#### ACTIVITY:
With pictures left out, only the lines from the one containing "Oval mirror top 1950 silver" through the end of the records should be reproduced exactly, please.

#### RECORDS FOR THIS EXERCISE:

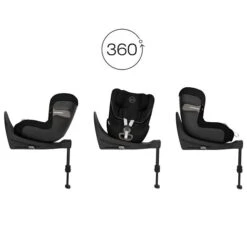 CYBEX Sirona SX2 I-Size Moon Black Ab Geburt Bis 105 Cm (ca. 4 Jahre) -Bester Babyprodukte Geschäfte cyb 22 eu combi sironasx2 moob rotation screen hd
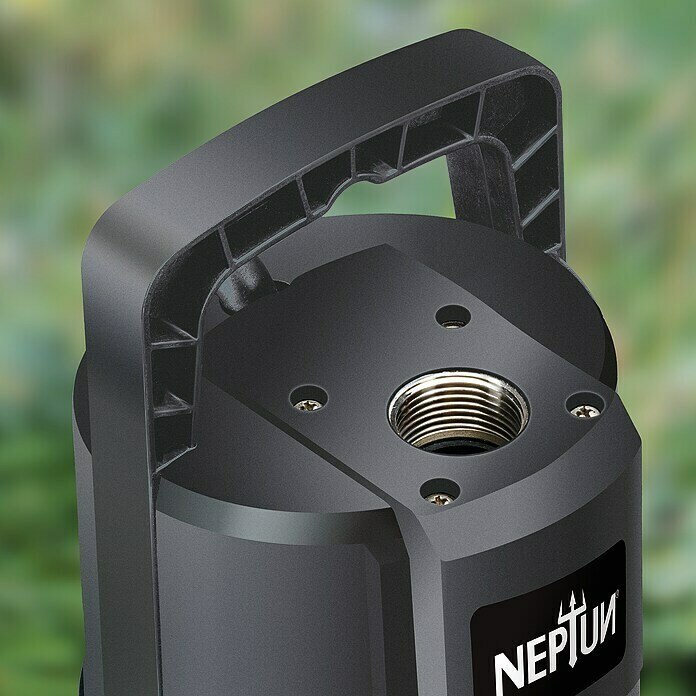 Neptun Drucktauchpumpe NTP-E 110 AUTOMATIC1.100 W, Max. Fördermenge: 6.000 l/h Use Shot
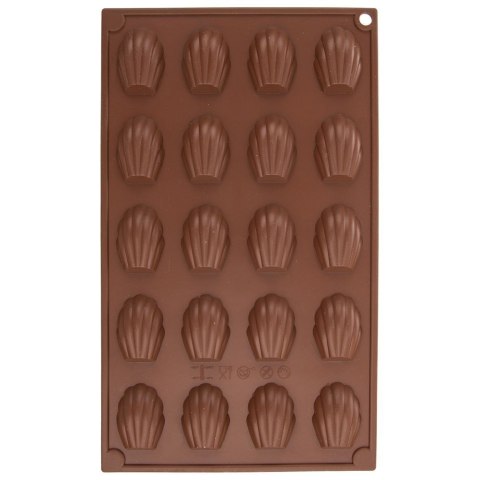 FORMA DO PIECZENIA CIASTEK CIASTECZEK SILIKONOWA BRĄZOWA MUSZELKI SILLINIE ORION 151722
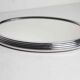 Oval mirror top 1950 silver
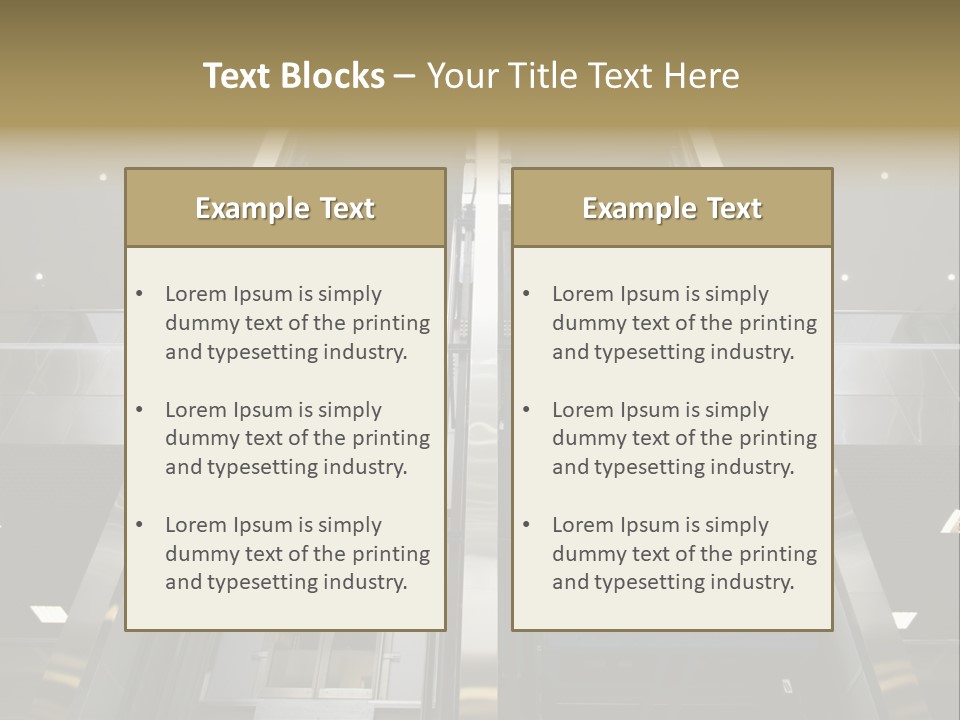 Tall Commercial Lift PowerPoint Template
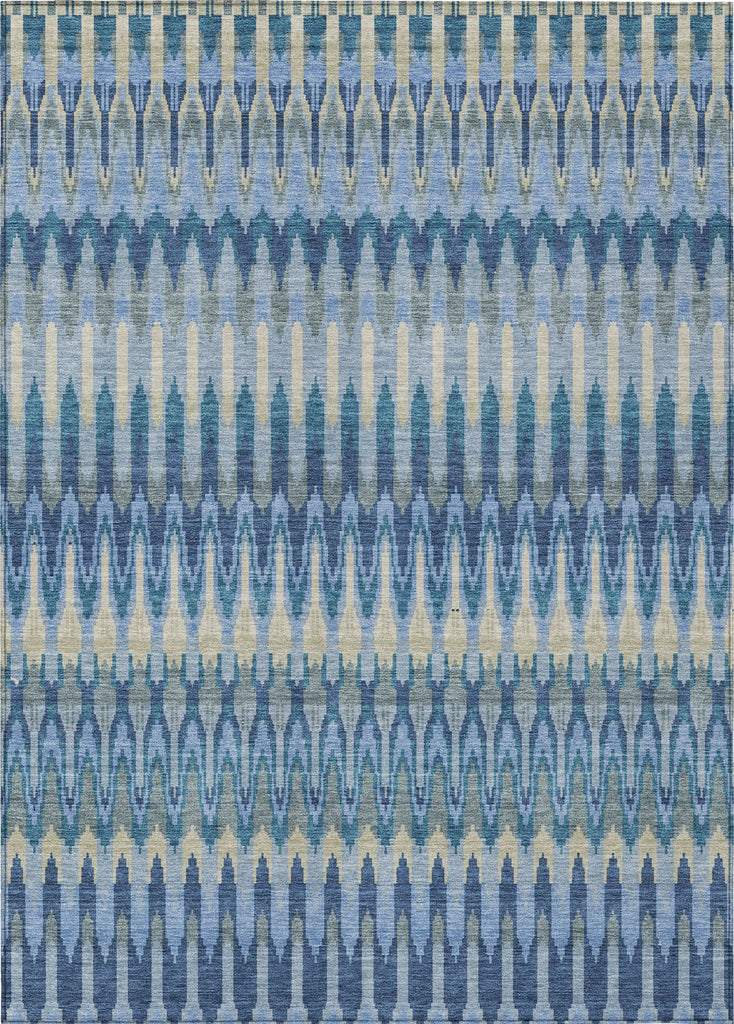 Piper Looms Chantille Southwest ACN860 Denim Machine Washable Area Rug main image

#### SOLUTION TO THIS EXERCISE:
 Oval mirror top 1950 silver
 Tall Commercial Lift PowerPoint Template
 Piper Looms Chantille Southwest ACN860 Denim Machine Washable Area Rug main image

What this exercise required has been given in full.